On September 15, 2015

This photo was possible after an enormously generous person with absolutely no ulterior motive and a very big truck pulled my camper to its final destination. I am incomprehensibly grateful.

Day 42: I was so wrong about “managing fear”.

All this time, I thought that “managing fear” meant “controlling fear”, “decreasing the size of fear”, “keeping fear corralled”. Well, this is really hard, if not impossible, to do, and I never made much progress at it. Because, emotions are really deep inside, in the old, dark parts of our brains, and they do their own thing, and really, the conscious mind doesn’t have much of a say.

What I finally learned I can do is “change my relationship to fear” and “choose how to react to fear”.

Changing my relationship to fear. Not fearing it. Not buying into it. Not fighting it. Not indulging. Letting it be there, but not allowing it to make decisions for me. No kidding, this is still hard. But allowing something to exist in space, but not make it the focus, is a lot easier and a lot less exhausting than the endless resistance fight. And, it’s something I can practice in incremental portions, let it be for a few seconds before I resist. Let it be for a minute… and during that letting be, more often than not, it loses some of its power.
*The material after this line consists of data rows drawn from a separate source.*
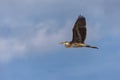 The great blue heron ( Ardea cinerea ) Royalty Free Stock Photo
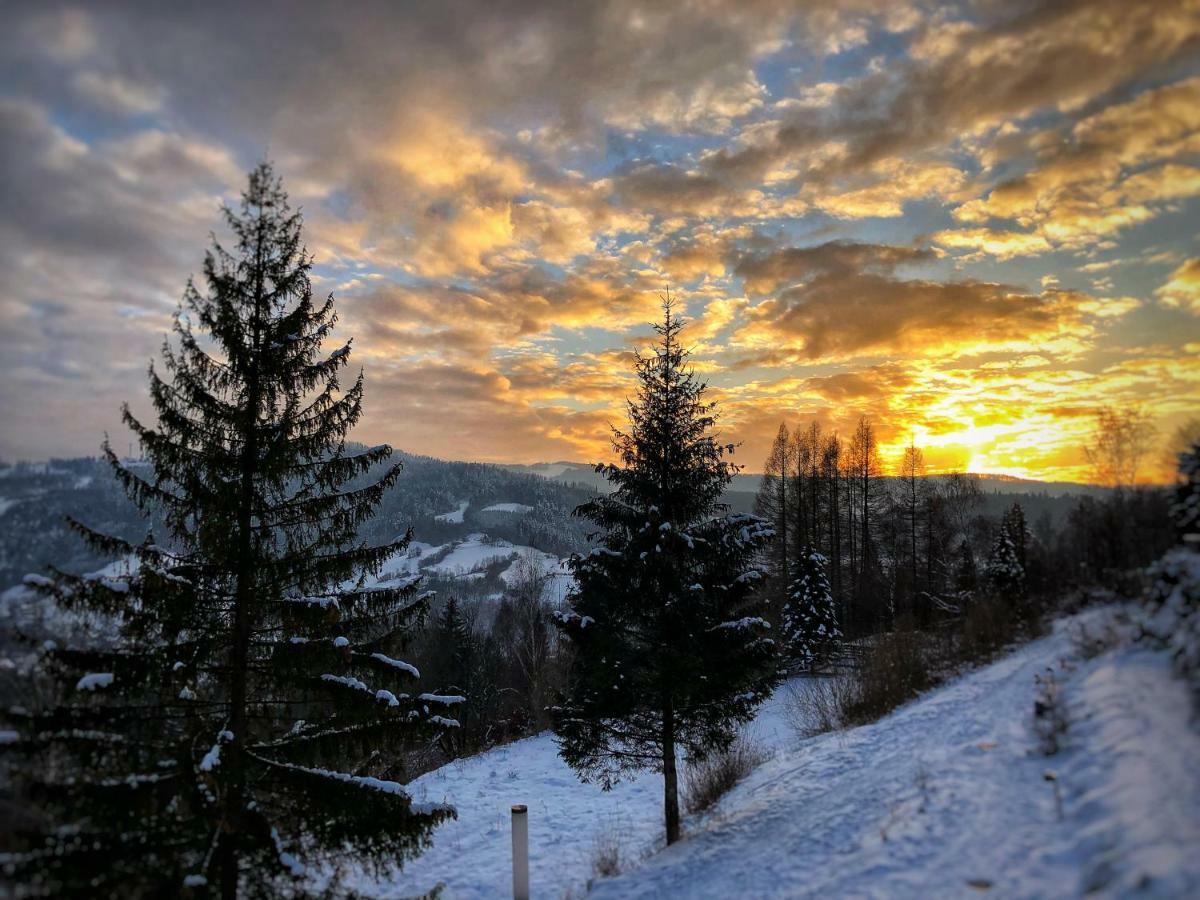 Apartment The Beskid View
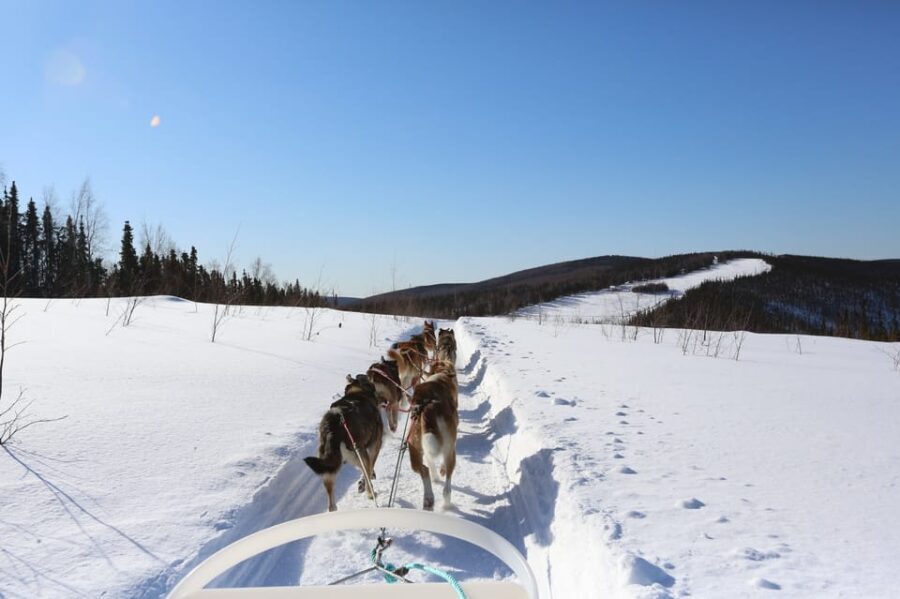Fairbanks: 1-Hour Alaskan Winter Dog Sledding Adventure - The Guides and Their Role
The second part of this relationship is cultural. I live in a culture far away from jungles full of tigers, and fear is considered something negative, that shows I am weak, spineless, cowardly, and even stupid. Being afraid is thus morally wrong. That doesn’t help. Awareness of this view does…a little.
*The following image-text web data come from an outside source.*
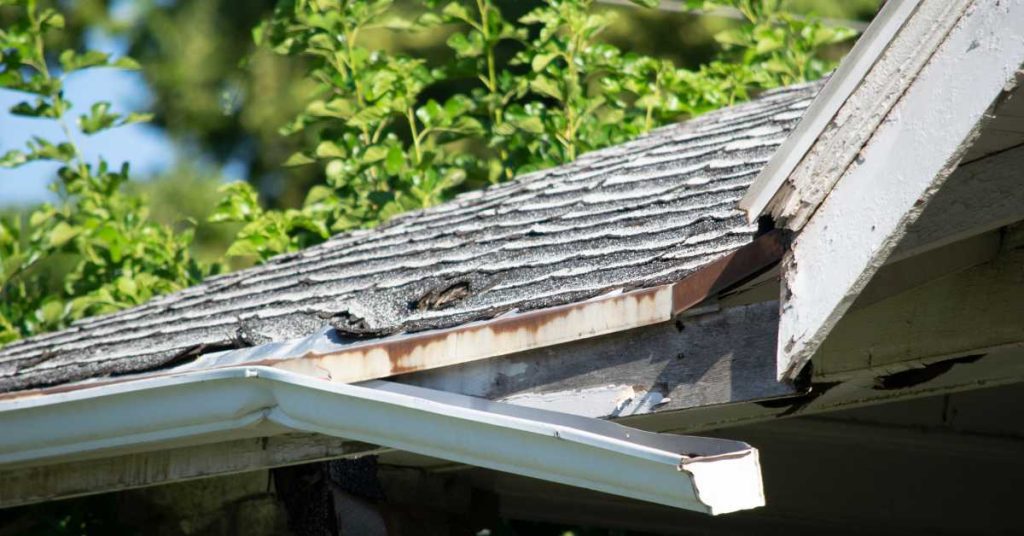 Roof Water Damage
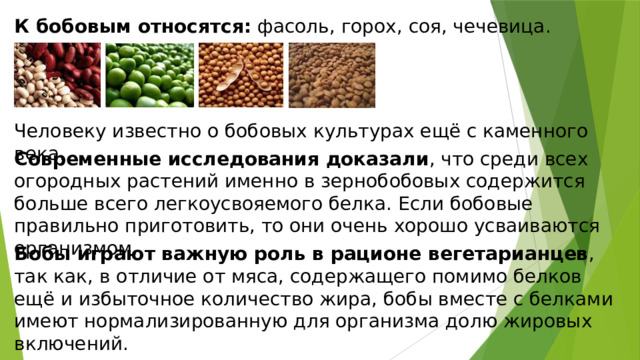 К бобовым относятся:  фасоль, горох, соя, чечевица. Человеку известно о бобовых культурах ещё с каменного века. Современные исследования доказали , что среди всех огородных растений именно в зернобобовых содержится больше всего легкоусвояемого белка. Если бобовые правильно приготовить, то они очень хорошо усваиваются организмом. Бобы играют важную роль в рационе вегетарианцев , так как, в отличие от мяса, содержащего помимо белков ещё и избыточное количество жира, бобы вместе с белками имеют нормализированную для организма долю жировых включений. 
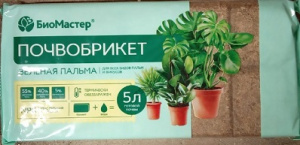 брикет пальма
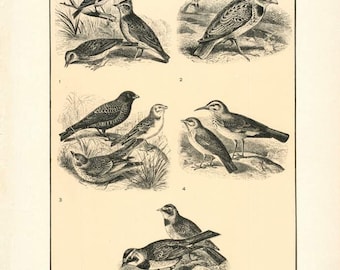 Digital Download "Larks" Illustration (c.1900s) - Instant Download Printable of Birds Illustrated Bird Book Page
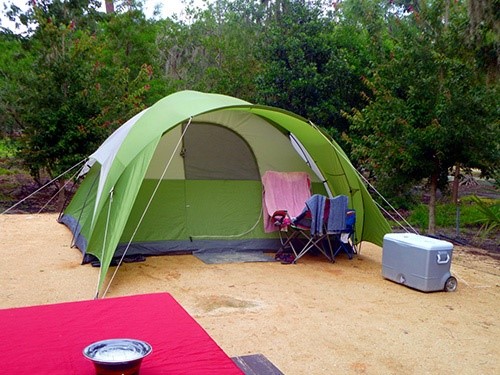 6 Tips To Keep Pests and Snakes Away While Outdoor Camping - Mom Blog ...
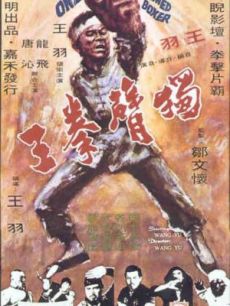 独臂拳王(1972年)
Choosing how to react to fear. When I am not totally consumed, I can choose to do something that I am afraid of, such as putting a story up for all to see, or accept help, or do something for its reward, even if I have too much fear to enjoy the process. And it gets a little bit easier every time, because desensitization works.

So what about freezing up when that deer crosses the road as I am cruising down the highway? There are monks that are never startled, because they have no expectation of what’s supposed to come next. And since fear is triggered from expectation of something dangerous and negative, well, no expectation, no fear. Not having expectation happens when I am completely in the moment. It happens randomly, when I get into “the zone” sometimes. The great news is that this is a skill, and skill I can learn. Even if it takes ten thousand hours.

#100happydays #100happydaychallenge

Day 19: Money. The dirty word. And the big fat lie. "Money does not make you happy." The first response may be, "but it allows you to get goods and services that do. The fresh warm bread on your table. The shelter for the night. A visit to the doctor." At the second level, money itself is a safety net. Not everyone has family. It's your buffer between home and a government-run nursery home. Independence. The ability to help others. In the biggest picture, nothing can "make" you happy; it's a View and it can be learned and practiced from any external situation. But in the world we have made for ourselves, money is the currency for pretty much everything else.